### [ACTION ITEM]
Please repeat only the lines below starting at the line that holds "Bedspread (quilt) HappyFriday" and ending at the line that holds "Tekiro Kunci L", exactly, with both of those lines included and every picture omitted.

### [TASK MATERIAL]

=== Begin Enclosure ===

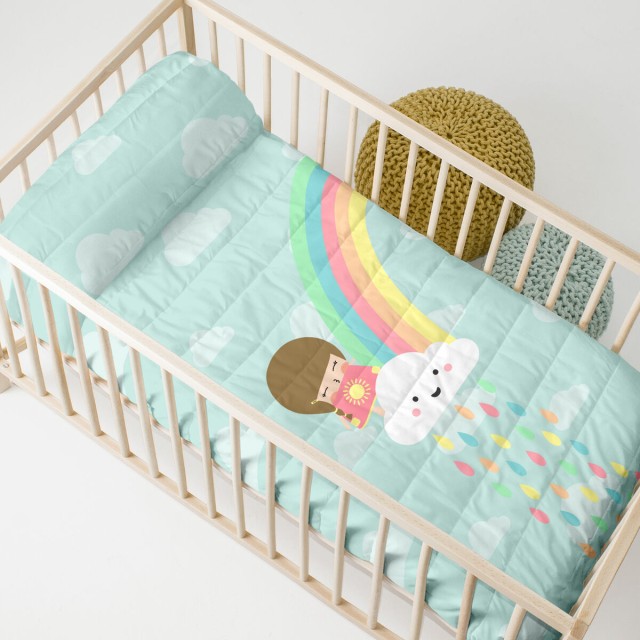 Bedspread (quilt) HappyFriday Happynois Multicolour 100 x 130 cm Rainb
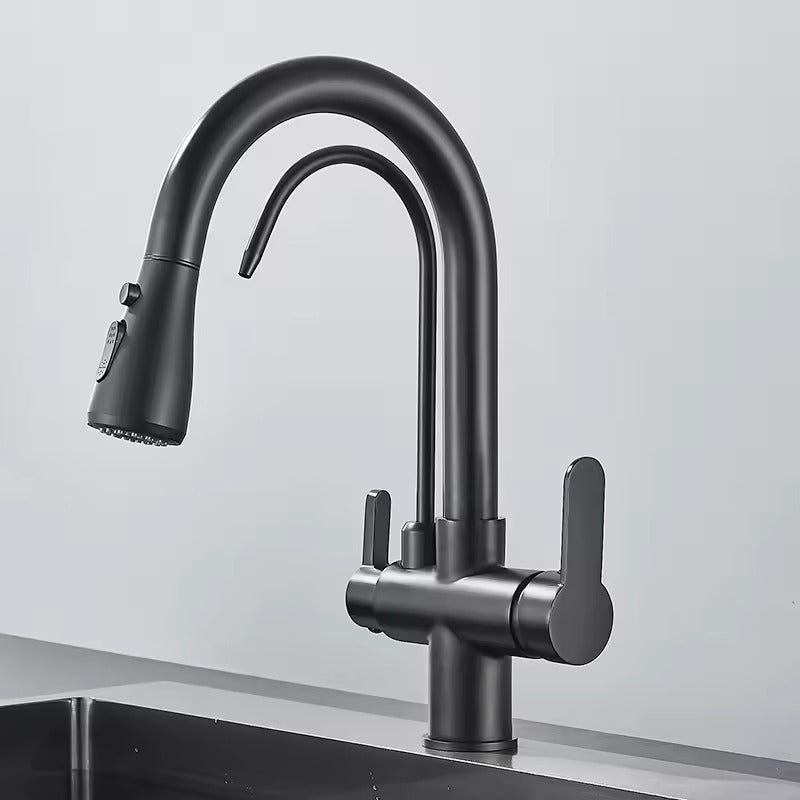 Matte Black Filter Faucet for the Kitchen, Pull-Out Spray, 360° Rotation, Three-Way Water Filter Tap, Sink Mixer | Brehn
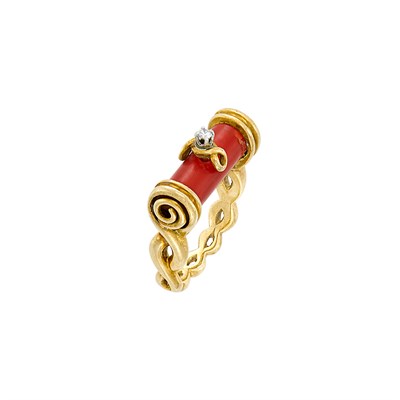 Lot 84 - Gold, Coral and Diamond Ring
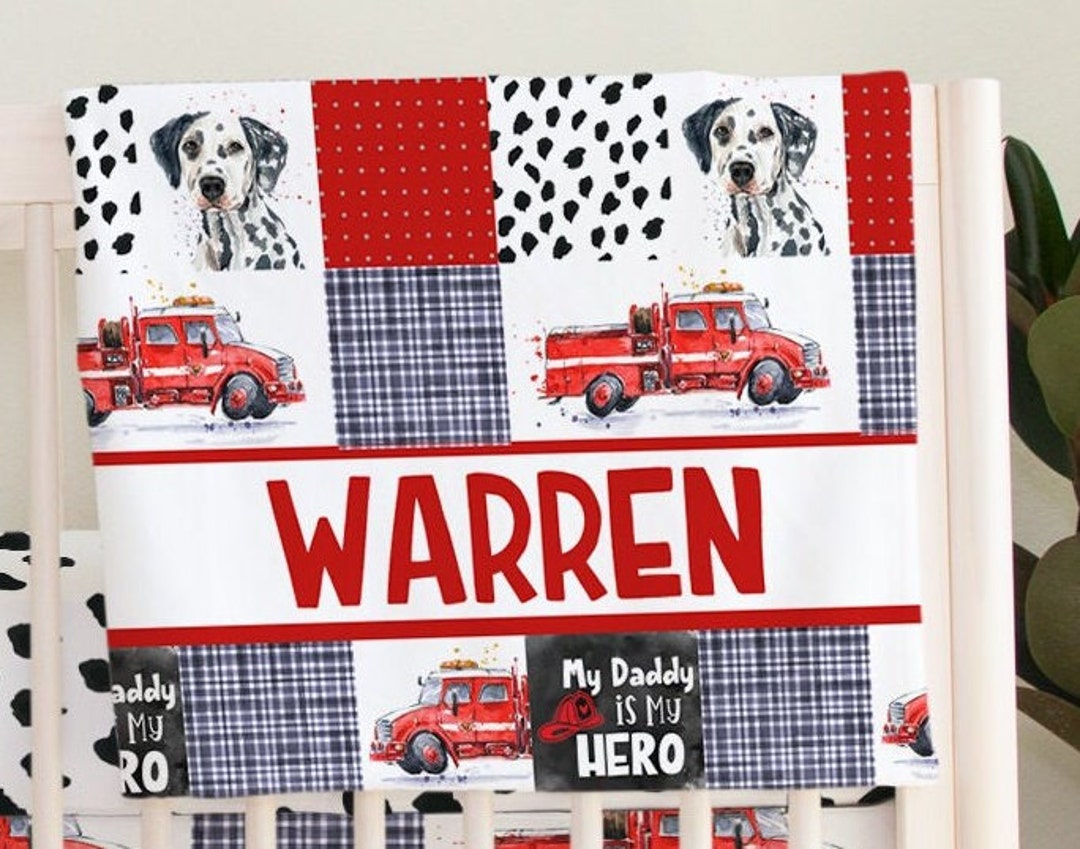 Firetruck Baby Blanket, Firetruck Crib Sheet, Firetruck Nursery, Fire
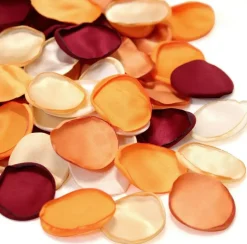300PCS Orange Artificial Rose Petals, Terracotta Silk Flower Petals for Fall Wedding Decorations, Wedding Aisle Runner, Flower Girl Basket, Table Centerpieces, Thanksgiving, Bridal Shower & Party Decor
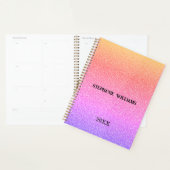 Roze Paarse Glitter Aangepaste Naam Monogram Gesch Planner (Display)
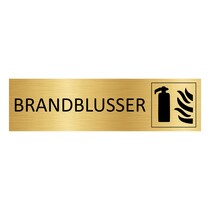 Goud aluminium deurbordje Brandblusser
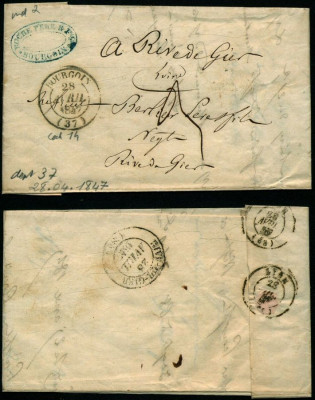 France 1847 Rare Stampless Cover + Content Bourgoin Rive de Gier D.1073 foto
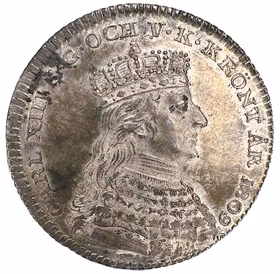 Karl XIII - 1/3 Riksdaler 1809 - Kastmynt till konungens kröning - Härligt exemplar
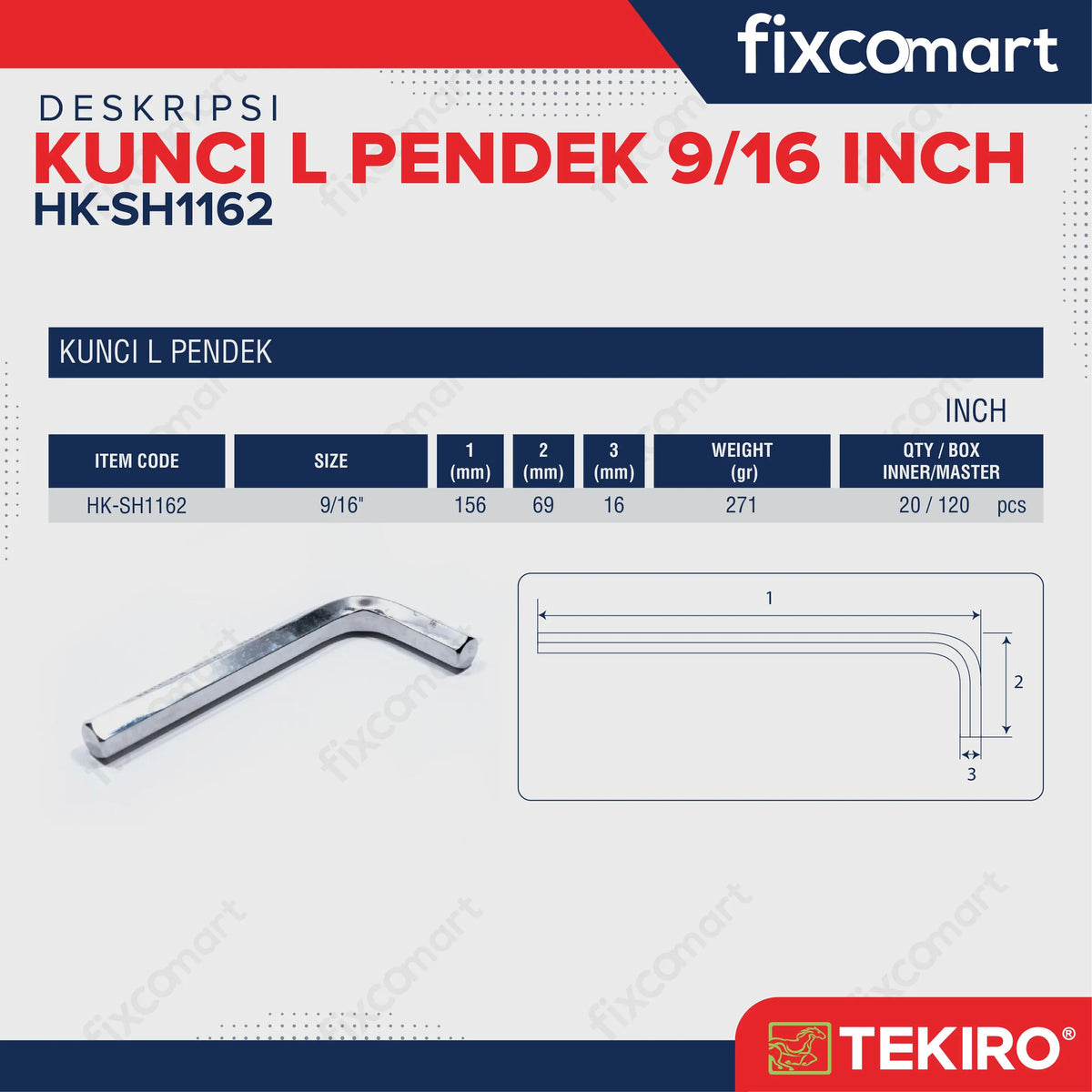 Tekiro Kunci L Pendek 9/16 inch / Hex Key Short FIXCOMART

=== End Enclosure ===
=== Begin Enclosure ===

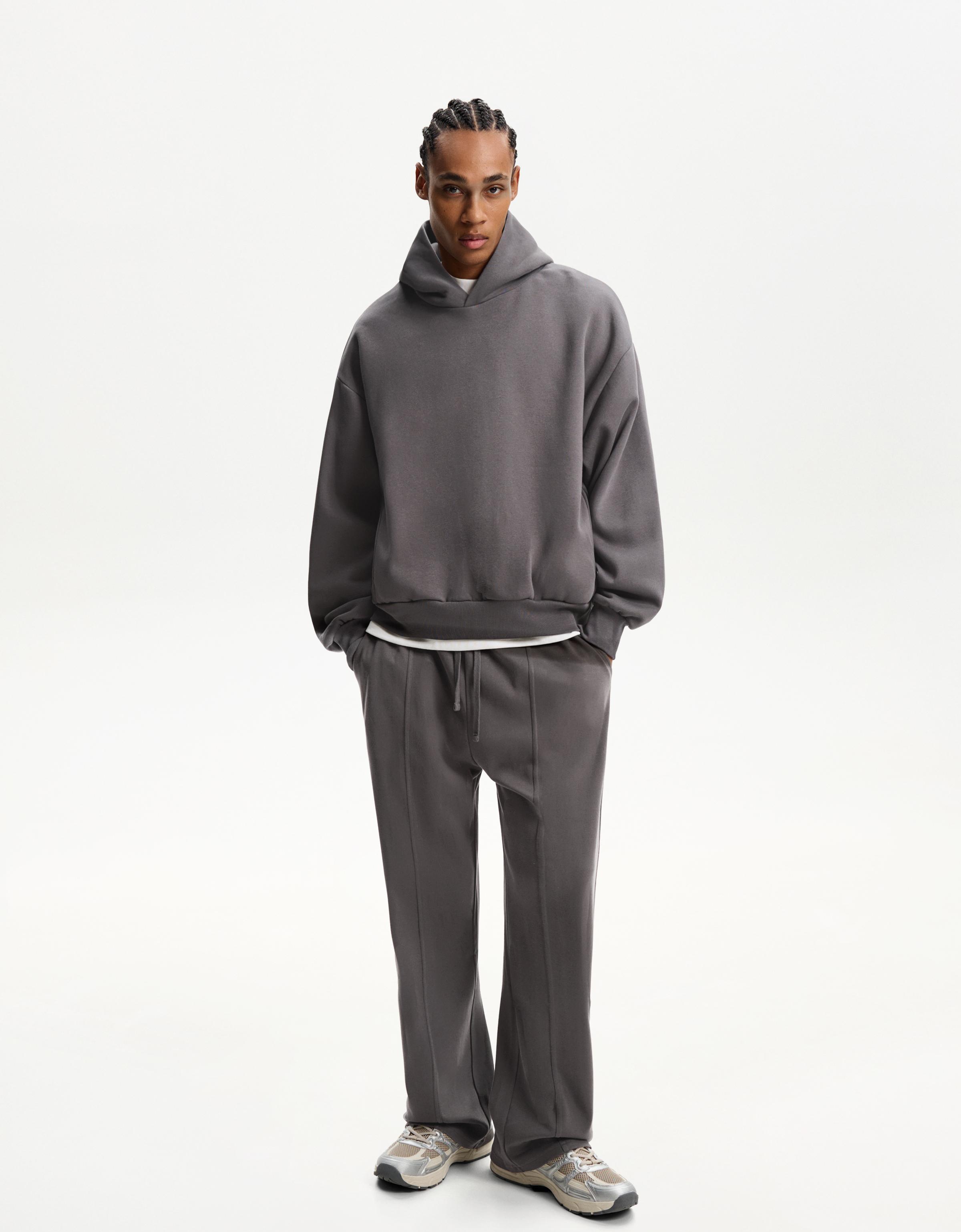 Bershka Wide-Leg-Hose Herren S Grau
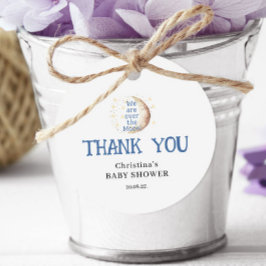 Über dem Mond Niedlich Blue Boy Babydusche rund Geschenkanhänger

=== End Enclosure ===

### [RESPONSE]
 Bedspread (quilt) HappyFriday Happynois Multicolour 100 x 130 cm Rainb
 Matte Black Filter Faucet for the Kitchen, Pull-Out Spray, 360° Rotation, Three-Way Water Filter Tap, Sink Mixer | Brehn
 Lot 84 - Gold, Coral and Diamond Ring
 Firetruck Baby Blanket, Firetruck Crib Sheet, Firetruck Nursery, Fire
300PCS Orange Artificial Rose Petals, Terracotta Silk Flower Petals for Fall Wedding Decorations, Wedding Aisle Runner, Flower Girl Basket, Table Centerpieces, Thanksgiving, Bridal Shower & Party Decor
 Roze Paarse Glitter Aangepaste Naam Monogram Gesch Planner (Display)
 Goud aluminium deurbordje Brandblusser
 France 1847 Rare Stampless Cover + Content Bourgoin Rive de Gier D.1073 foto
 Karl XIII - 1/3 Riksdaler 1809 - Kastmynt till konungens kröning - Härligt exemplar
 Tekiro Kunci L Pendek 9/16 inch / Hex Key Short FIXCOMART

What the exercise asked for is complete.